Tych rozgrywek już nie ma. Jednego z klubów biorących udział w tym meczu – pod względem formalnym również nie ma. Mamy rok 2008. Puchar Ekstraklasy, derby Warszawy na Polonii, przemarsz kibiców Legii, który wkrótce otrzymał kryptonim: „Akcja Widelec”. Najbardziej groteskowy, najbardziej niepoważny, najbardziej kompromitujący policyjno-prokuratorski dowcip, który – choć zupełnie nieśmieszny – ciągnie się już od sześciu lat. SZEŚCIU LAT.

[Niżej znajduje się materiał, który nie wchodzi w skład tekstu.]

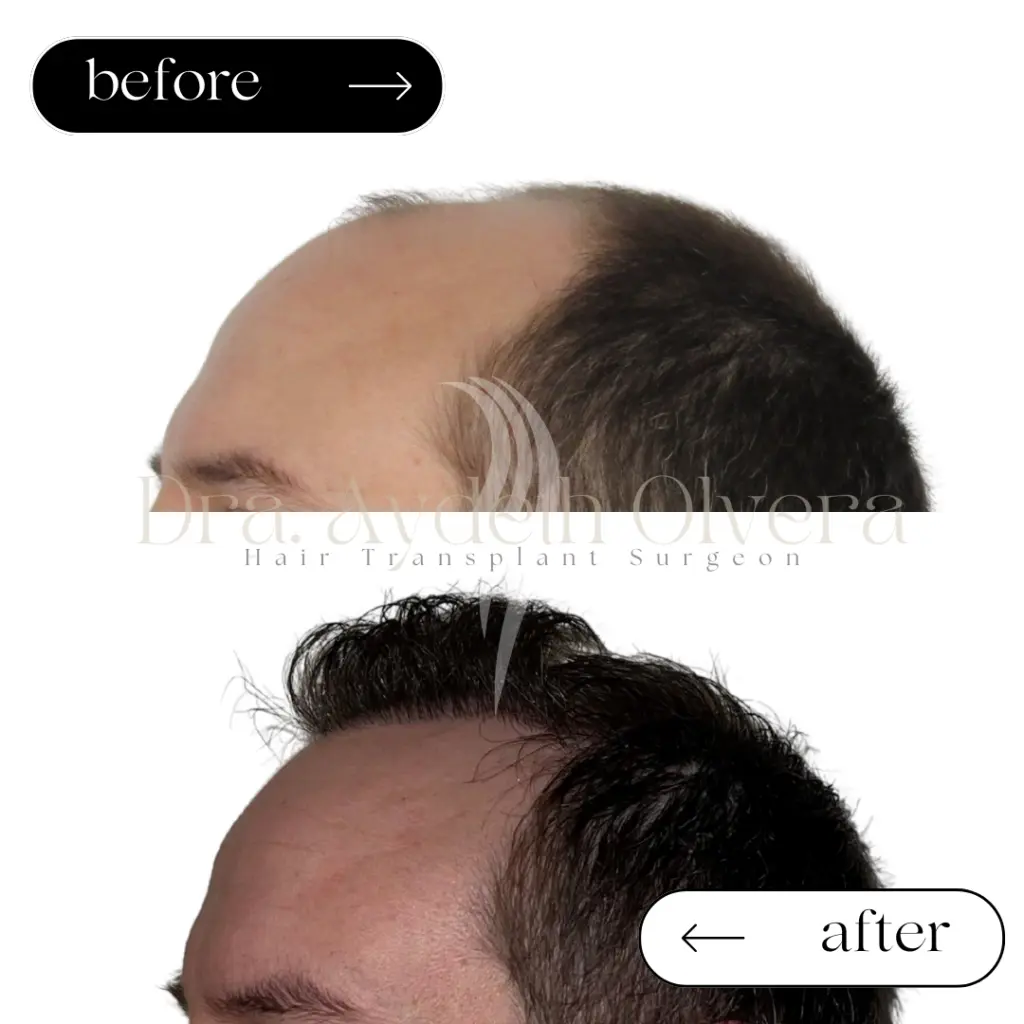 Dr Aydeth Olvera Hair Transplant Tijuana gallery photo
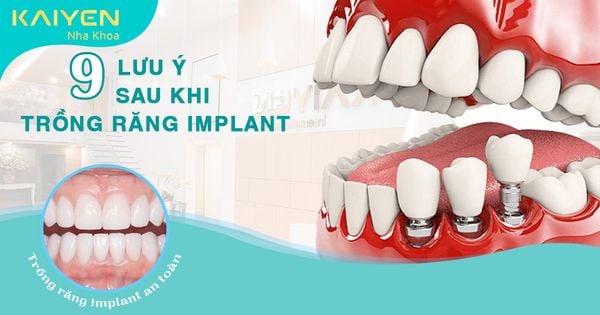 9 lưu ý sau khi trồng răng Implant nhất định bạn phải biết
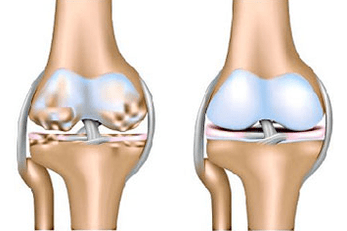 Together and healthy arthrosis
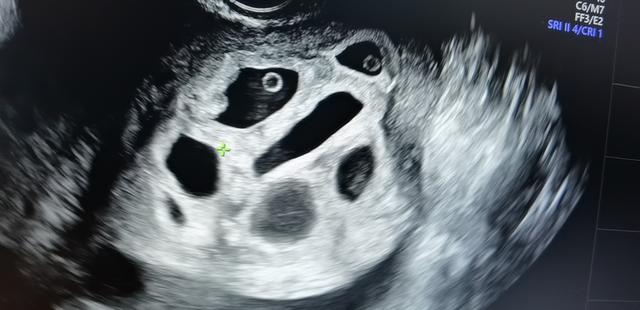 门诊故事——乱用促排药物，怀孕八胞胎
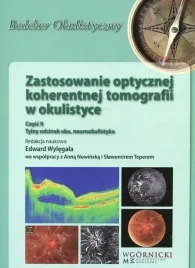 zastosowanie-optycznej-koherentnej-tomografii-cz-2
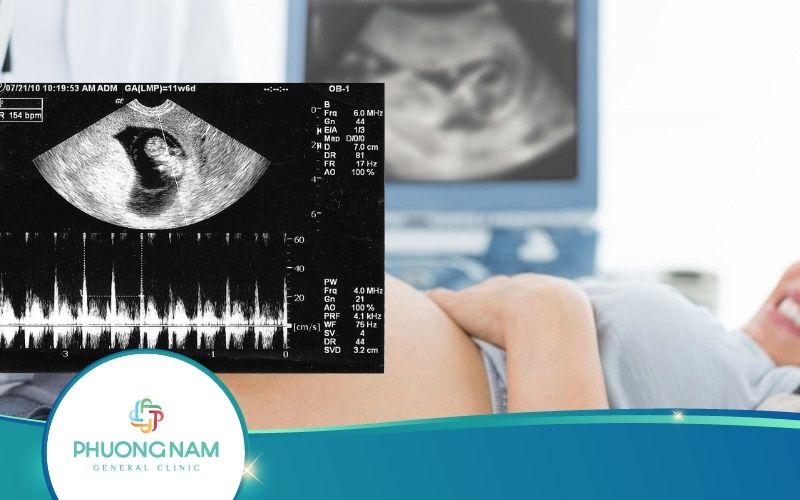 [Giải Đáp] Siêu Âm Tim Thai Dương Tính Có Nghĩa Là Gì?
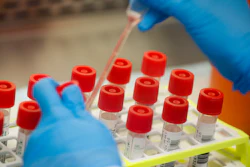 In this March 11 photo, a technician prepares COVID-19 coronavirus patient samples for testing at a laboratory in New York's Long Island. Wide-scale testing is a critical part of tracking and containing infectious diseases. But the U.S. effort has been plagued by a series of missteps, including accuracy problems with the test kits the CDC sent to other labs and bureaucratic hurdles that slowed the entrance of large, private sector labs.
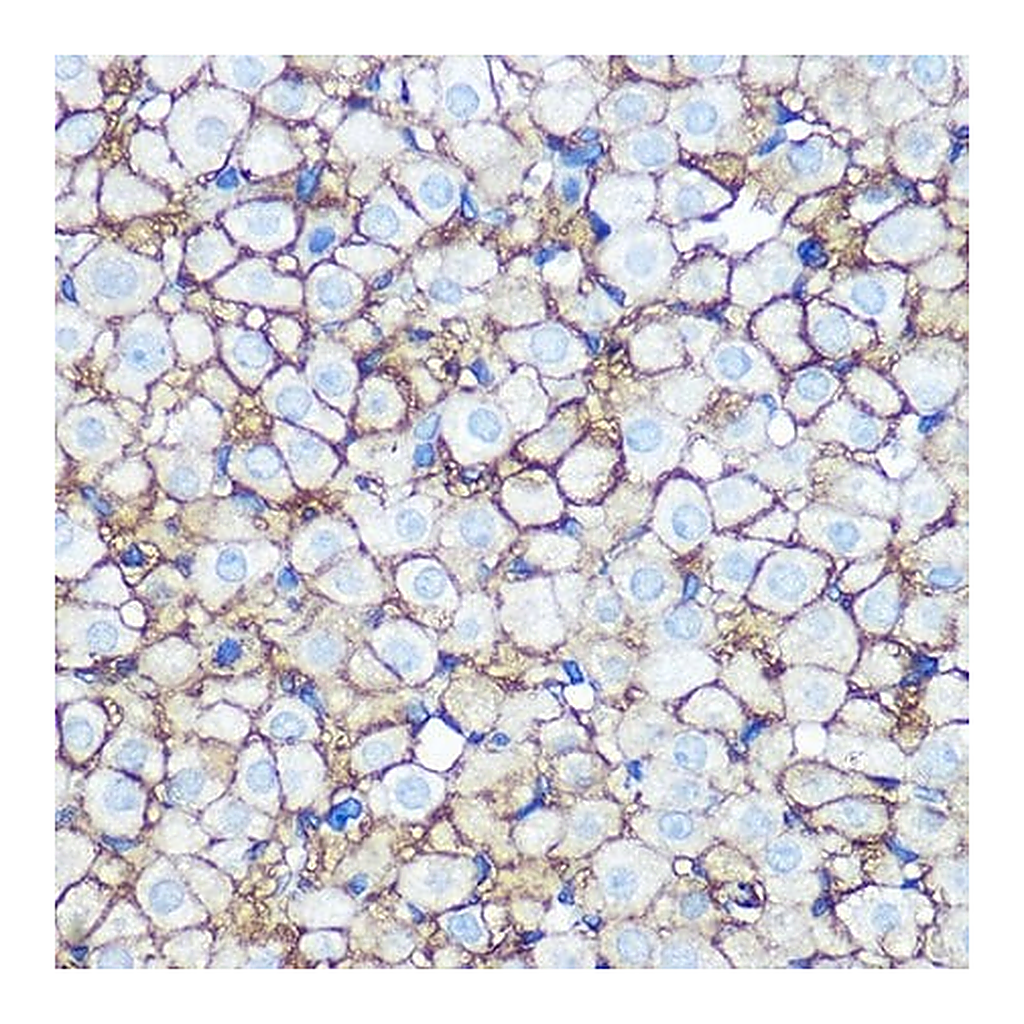 Merck Anti-Annexin A2 antibody produced in rabbit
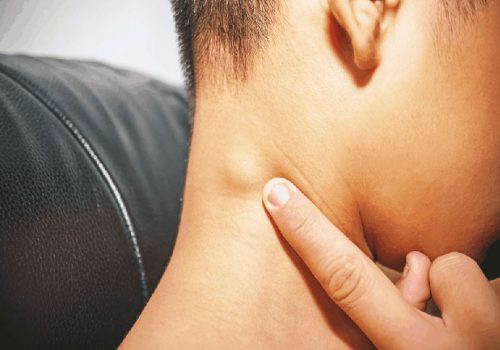 Nổi hạch sau gáy có đau hay không đau và phải làm như thế nào?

Samą akcję wszyscy pamiętają doskonale – 741 kibiców Legii ruszyło w kierunku stadionu Polonii, by obejrzeć derbowe spotkanie, ale policja postanowiła nieco urozmaicić ten nudnawy dzień. Otoczeni kordonem fanatycy w interpretacji funkcjonariuszy brali czynny udział w zbiegowisku, niektórzy dodatkowo „dopuszczali się niszczenia mienia i napaści na funkcjonariuszy” (o dziwo, nikt w żaden sposób nie ucierpiał, ale to pewnie czysty przypadek). Co gorsza, kibice mieli przy sobie broń masowego rażenia. Cudowną wunderwaffe, która miała przesądzić o losach drugiej wojny światowej. Przedmiot, który spokojnie wystarczyłby do zdemolowania połowy stołecznego miasta.
Widelec.
Od tego feralnego widelca się zaczęło, a trwa niestety aż do dziś. Po sześciu latach od tej idiotycznej, rozdmuchanej i napompowanej do granic możliwości sprawy, w której kibolskim terrorem określono zwykły marsz, do sądu trafiły kolejne akty oskarżenia. Jeszcze raz podkreślmy absurdalność – sześć lat zajęło prokuraturze zdecydowanie czy w ogóle warto oskarżyć i jeśli tak – w jaki sposób. Sprawy, w których na ławie oskarżonych zasiadają kolejne dziesiątki czy dwudziestki maszerujących tamtego dnia kibiców są na różnym etapie. Wobec niektórych sąd umorzył postępowanie, wobec innych zastosował dozór policyjny, w niektórych przypadkach sprawa tkwi w pierwszej instancji, jeszcze gdzie indziej jest na etapie odwołania do sądów drugiej instancji, w kolejnych „dziesiątkach” przedłużają się sprawy z udziałem świadków, jeszcze gdzieś indziej ciężko zebrać wszystkich oskarżonych na jednej rozprawie.
W jeszcze innych przypadkach – dopiero teraz, po sześciu długich latach, pojawiają się akty oskarżenia.
Jak to wszystko określić? Jak określić ten bajzel, bałagan, zwyczajny burdel, który doprowadza do takich sytuacji? Do tego, że akt oskarżenia w sprawie, w której głównym zarzutem jest przebywanie w grupie, która miała przy sobie widelec, trafia do sądu sześć lat po fakcie?
Powiedzielibyśmy: „brak nam słów”. Ale tak się składa, że ostatnio jeden ziomek nieźle to zdefiniował. „Chuj, dupa i kamieni kupa”.